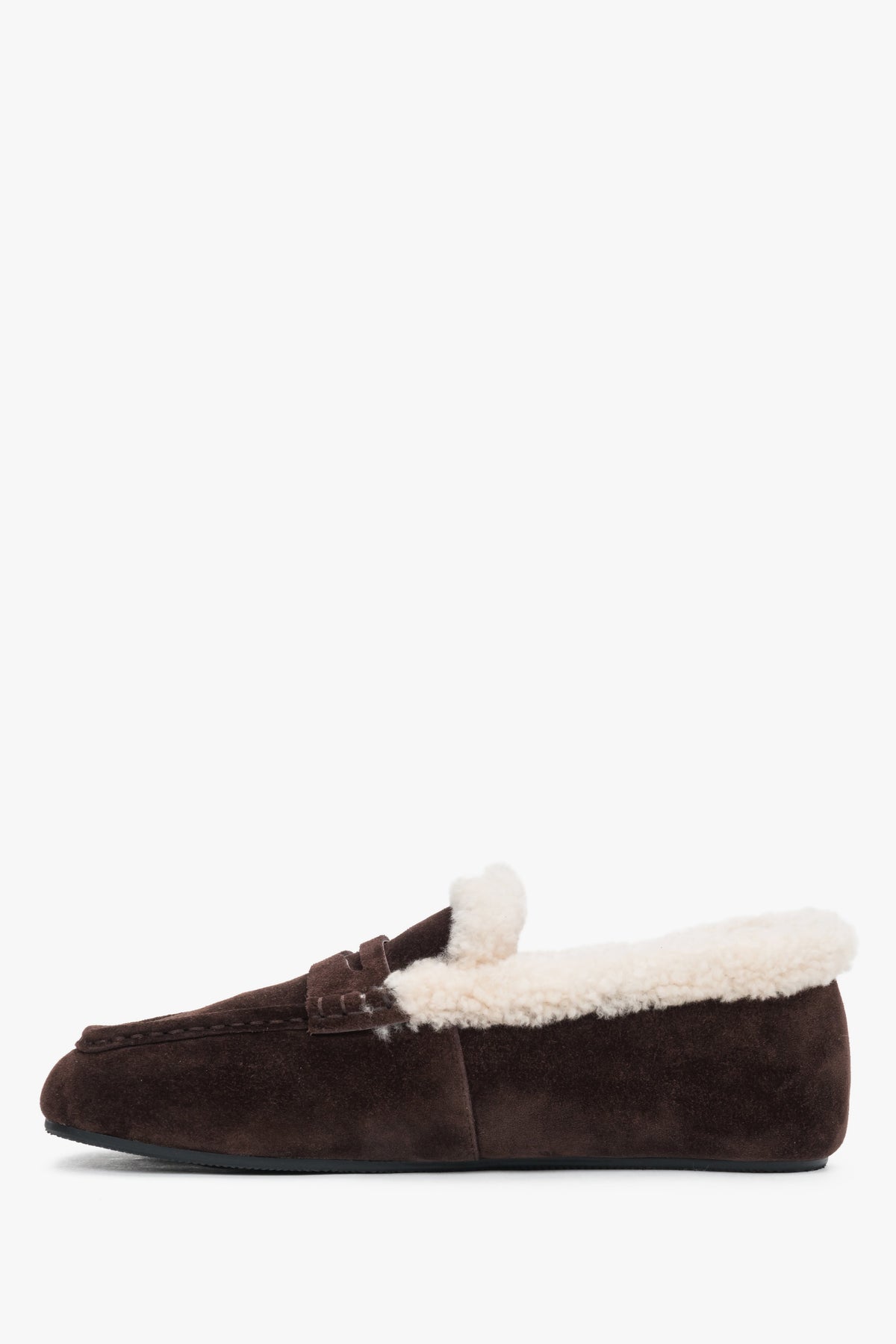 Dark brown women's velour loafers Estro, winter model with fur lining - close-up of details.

***

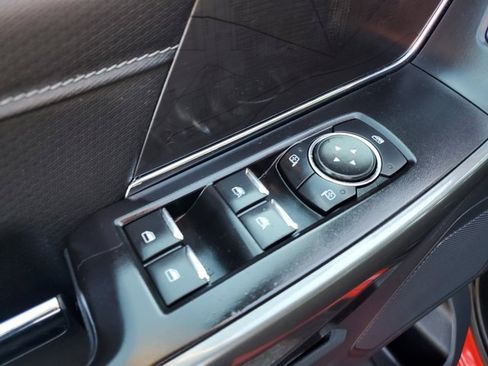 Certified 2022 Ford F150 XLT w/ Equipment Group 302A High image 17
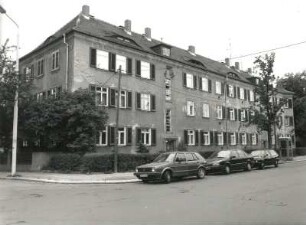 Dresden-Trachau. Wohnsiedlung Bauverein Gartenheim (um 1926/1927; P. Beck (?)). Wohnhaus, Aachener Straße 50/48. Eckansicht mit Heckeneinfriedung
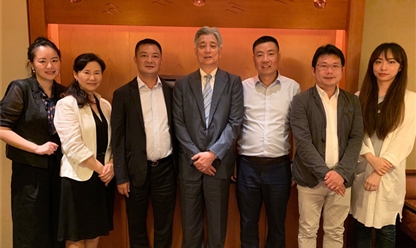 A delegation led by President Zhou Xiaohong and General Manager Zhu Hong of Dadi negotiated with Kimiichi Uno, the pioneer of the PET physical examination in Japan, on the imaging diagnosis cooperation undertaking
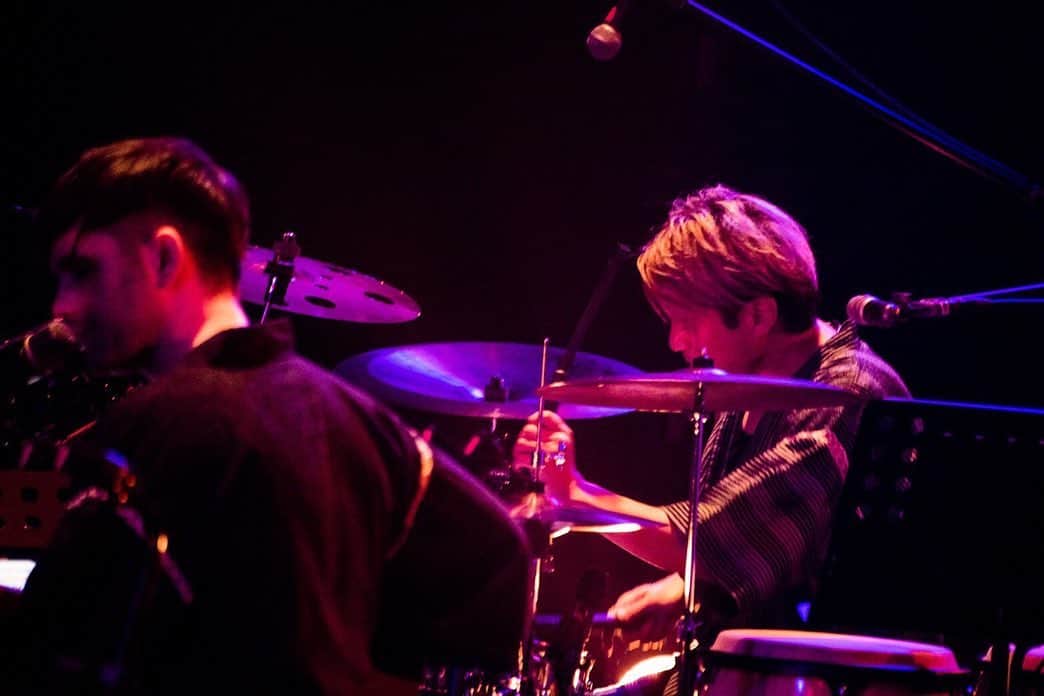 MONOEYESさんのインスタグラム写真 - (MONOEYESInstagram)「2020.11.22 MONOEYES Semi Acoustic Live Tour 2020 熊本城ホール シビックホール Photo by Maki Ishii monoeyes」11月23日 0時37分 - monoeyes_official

***

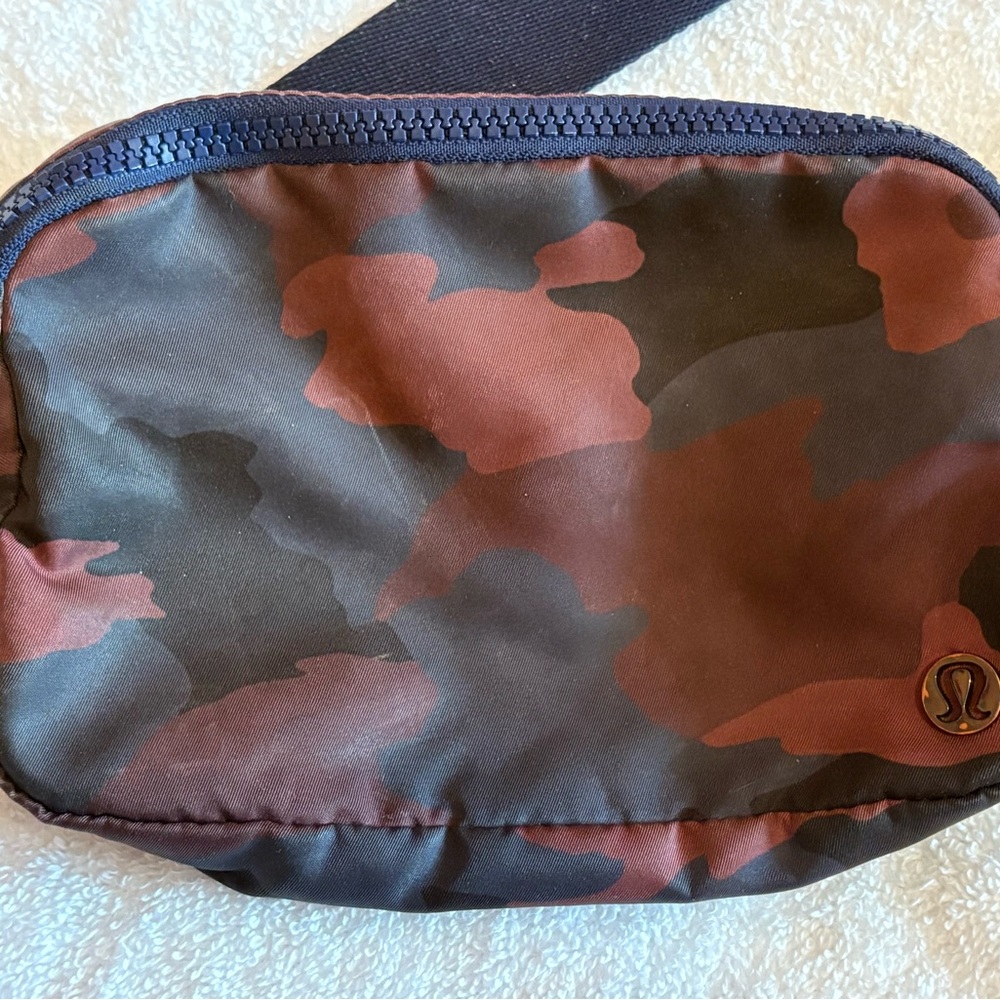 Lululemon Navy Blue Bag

***

= EXERCISE DETAILS =
What lines above run from the one with "Dresden-Trachau. Wohnsiedlung Bauverein" to the one with "MONOEYESさんのインスタグラム写真 - (MONOEYESInstagram)「2020.11.22"? Give them again exactly, ends included, and leave the pictures out.

= EXERCISE RESPONSE =
 Dresden-Trachau. Wohnsiedlung Bauverein Gartenheim (um 1926/1927; P. Beck (?)). Wohnhaus, Aachener Straße 50/48. Eckansicht mit Heckeneinfriedung
 A delegation led by President Zhou Xiaohong and General Manager Zhu Hong of Dadi negotiated with Kimiichi Uno, the pioneer of the PET physical examination in Japan, on the imaging diagnosis cooperation undertaking
 MONOEYESさんのインスタグラム写真 - (MONOEYESInstagram)「2020.11.22 MONOEYES Semi Acoustic Live Tour 2020 熊本城ホール シビックホール Photo by Maki Ishii monoeyes」11月23日 0時37分 - monoeyes_official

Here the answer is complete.